Data extracted from a collection

---

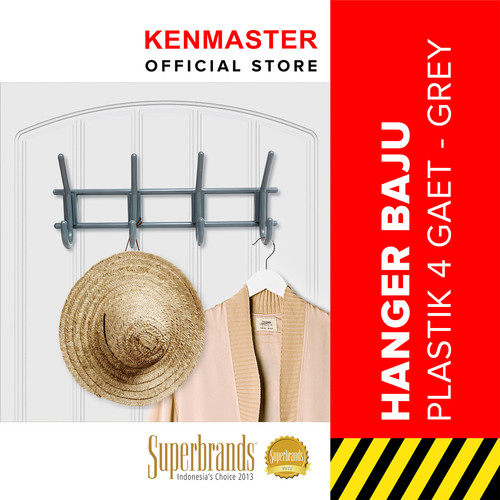 [EZM.2500698] Kenmaster Gantungan Baju - H15 Abu - Hanger Serbaguna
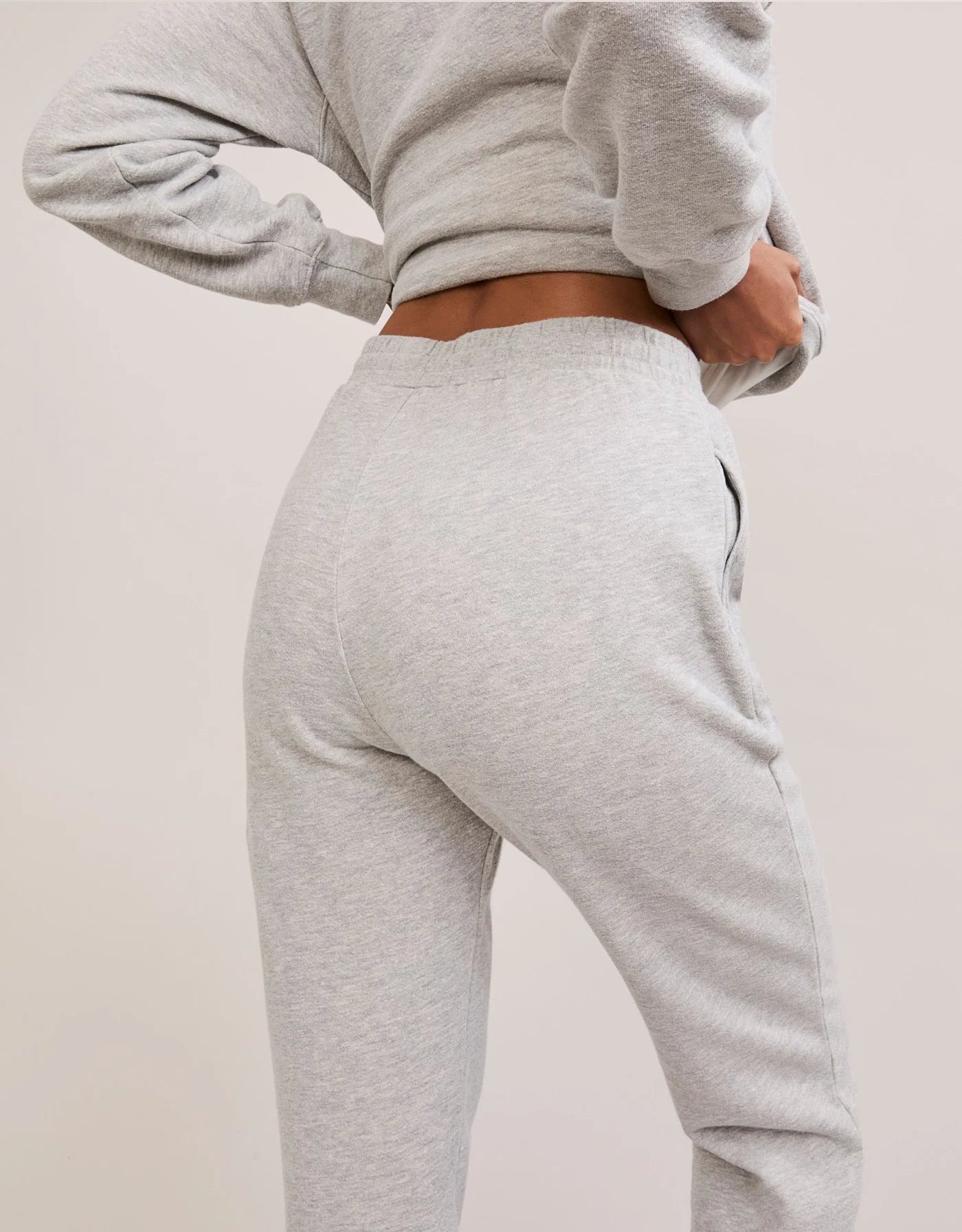 Maison Wheat Berkeley Sweatpant - Heather Grey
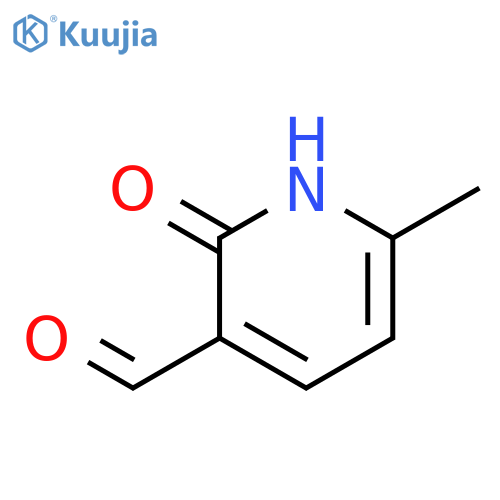 2-hydroxy-6-methylpyridine-3-carbaldehyde structure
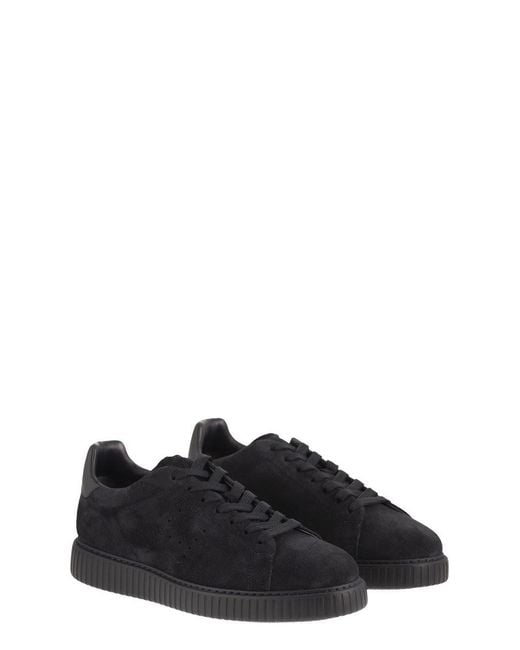 Hogan Black H-Stripes for men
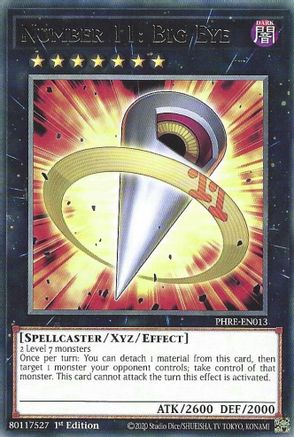 Number 11: Big Eye (PHRE-EN013) - Phantom Revenge 1st Edition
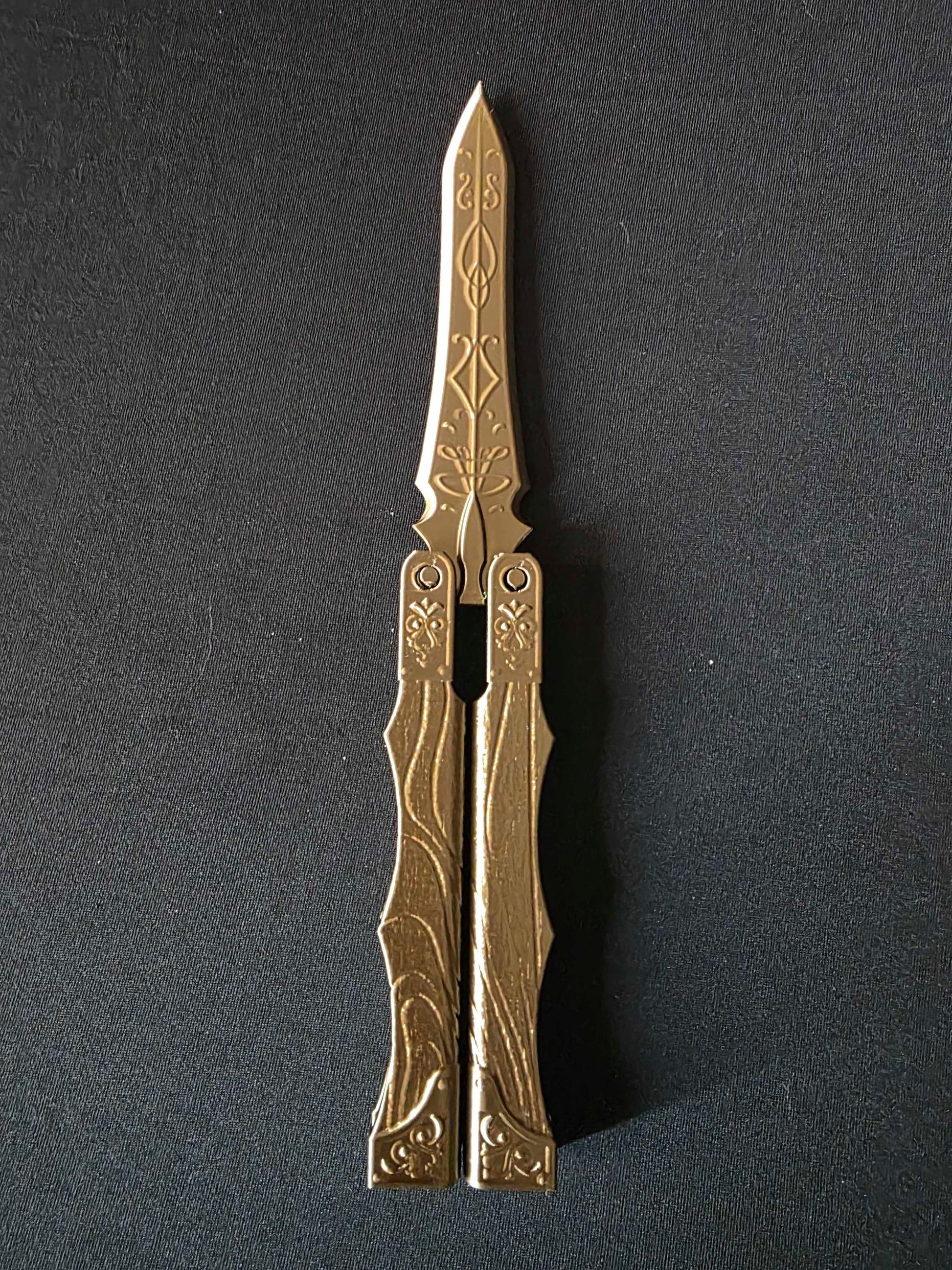 3D Printed Balisong Fidget – Folding Butterfly Knife Trainer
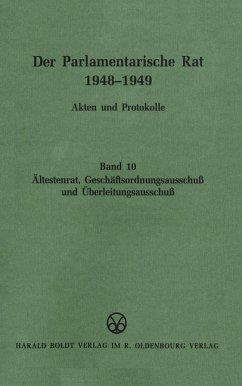 Cover Ältestenrat, Geschäftsordnungsausschuß und Überleitungsausschuß (eBook, PDF)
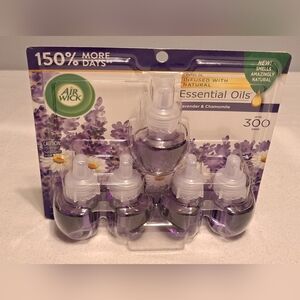 Air Wick Essential Oils Lavender & Chamomile New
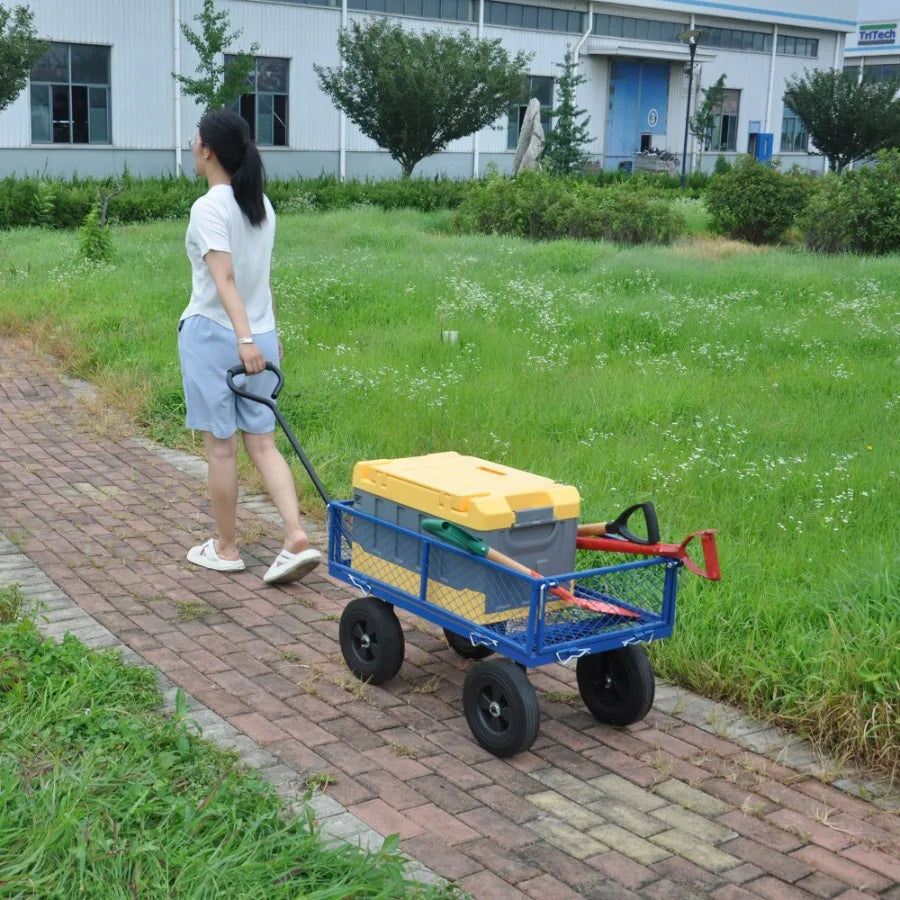 Hign-concerned Tools Cart Wagon For Garden Transport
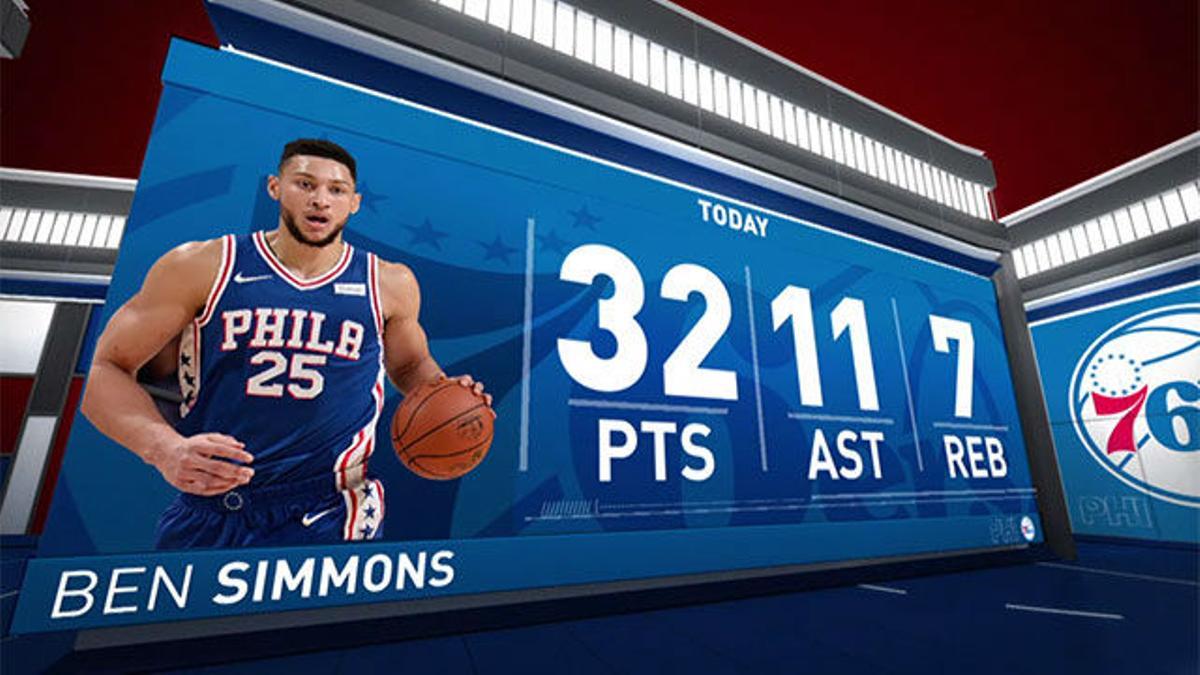 NBA VIDEO | Ben Simmons firma una increíble actuación en la victoria de los 76ers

---

▶ **Task item**: Transcribe exactly the lines that go from the one holding "2-hydroxy-6-methylpyridine-3-carbaldehyde structure" through the last line of the entries, both included, and nothing besides them. Do not include any pictures.

▶ **Answer section**:
 2-hydroxy-6-methylpyridine-3-carbaldehyde structure
 Hogan Black H-Stripes for men
 Number 11: Big Eye (PHRE-EN013) - Phantom Revenge 1st Edition
 3D Printed Balisong Fidget – Folding Butterfly Knife Trainer
 Cover Ältestenrat, Geschäftsordnungsausschuß und Überleitungsausschuß (eBook, PDF)
 Air Wick Essential Oils Lavender & Chamomile New
 Hign-concerned Tools Cart Wagon For Garden Transport
 NBA VIDEO | Ben Simmons firma una increíble actuación en la victoria de los 76ers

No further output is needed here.